Barahona, Adrián and Sandra Pauletto. “Perceptual Evaluation of Modal Synthesis for Impact-Based Sounds”. In: Proceedings of the 16th Sound & Music Computing Conference, pp. 34–38, 2019 [Paper]
The use of real-time sound synthesis for sound effects can improve the sound design of interactive experiences such as video games. However, synthesized sound effects can be often perceived as synthetic, which hampers their adoption. This paper aims to determine whether or not sounds synthesized using filter-based modal synthesis are perceptually comparable to sounds directly recorded. Sounds from 4 different materials that showed clear modes were recorded and synthesized using filter-based modal synthesis. Modes are the individual sinusoidal frequencies at which objects vibrate when excited. A listening test was conducted where participants were asked to identify, in isolation, whether a sample was recorded or synthesized. Results show that recorded and synthesized samples are indistinguishable from each other. The study outcome proves that, for the analysed materials, filter-based modal synthesis is a suitable technique to synthesize hit sounds in real-time without perceptual compromises.

Co-author

Balla, Martin, et al. "Illuminating Game Space Using MAP-Elites for Assisting Video Game Design." In: 11th AISB Symposium on AI & Games (AI&G), 2021 [Paper]
In this paper we demonstrate the use of Multidimensional Archive of Phenotypic Elites (MAP-Elites), a divergent search algorithm, as a game design assisting tool. The MAP-Elites algorithm allows illumination in the game space instead of just determining a single game setting via objective based optimization. We showed how the game space can be explored by generating a diverse set of game settings, allowing the designers to explore what range of behaviours are possible in their games. The proposed method was applied to the 2D game Cave Swing. We discovered different settings of the game where a Rolling Horizon Evolutionary Algorithm (RHEA) agent behaved differently depending on the selected game parameters. The agent’s performance was plotted against its behaviour for further exploration, which allowed visualizing how the agent performed with selected behaviour traits.
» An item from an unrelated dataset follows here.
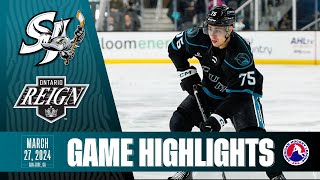 AHL HIGHLIGHTS  San Jose Barracuda vs Ontario Reign  Mar 27 2024 [upl. by Gnex]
Houel, Malcolm, et al. "Perception of Emotions in Knocking Sounds: An Evaluation Study." In: Proceedings of the 17th Sound & Music Computing Conference, pp. 419-425, 2020 [Paper]
Knocking sounds are highly meaningful everyday sounds. There exist many ways of knocking, expressing important information about the state of the person knocking and their relationship with the other side of the door. In media production, knocking sounds are important storytelling devices: they allow transitions to new scenes and create expectations in the audience. Despite this important role, knocking sounds have rarely been the focus of research. In this study, we create a data set of knocking actions performed with different emotional intentions. We then verify, through a listening test, whether these emotional intentions are perceived through listening to sound alone. Finally, we perform an acoustic analysis of the experimental data set to identify whether emotion-specific acoustic patterns emerge. The results show that emotional intentions are correctly perceived for some emotions. Additionally, the emerging emotion-specific acoustic patterns confirm, at least in part, findings from previous research in speech and music performance.